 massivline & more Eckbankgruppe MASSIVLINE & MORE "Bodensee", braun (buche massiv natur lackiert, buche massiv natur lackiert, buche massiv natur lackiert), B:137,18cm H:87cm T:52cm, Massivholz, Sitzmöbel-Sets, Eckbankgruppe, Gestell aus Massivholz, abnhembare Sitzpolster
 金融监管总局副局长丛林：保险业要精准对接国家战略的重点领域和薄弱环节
--
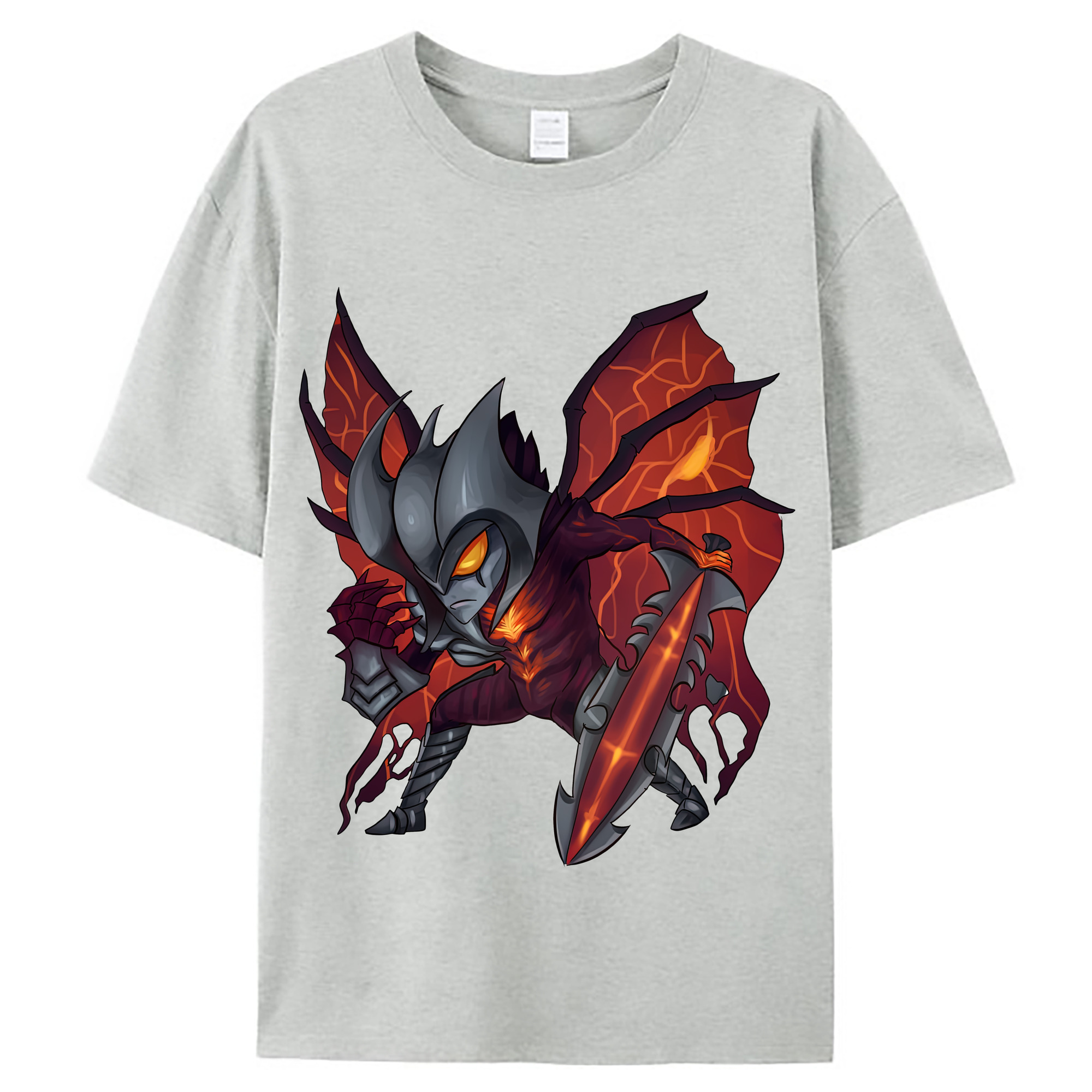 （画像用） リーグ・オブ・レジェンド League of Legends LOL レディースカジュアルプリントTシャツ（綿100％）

## To do
Set down, exactly as they stand above, the lines starting with the line with "massivline & more Eckbankgruppe" and going on through the line with "金融监管总局副局长丛林：保险业要精准对接国家战略的重点领域和薄弱环节", and no others.

## Finished exercise
 massivline & more Eckbankgruppe MASSIVLINE & MORE "Bodensee", braun (buche massiv natur lackiert, buche massiv natur lackiert, buche massiv natur lackiert), B:137,18cm H:87cm T:52cm, Massivholz, Sitzmöbel-Sets, Eckbankgruppe, Gestell aus Massivholz, abnhembare Sitzpolster
 金融监管总局副局长丛林：保险业要精准对接国家战略的重点领域和薄弱环节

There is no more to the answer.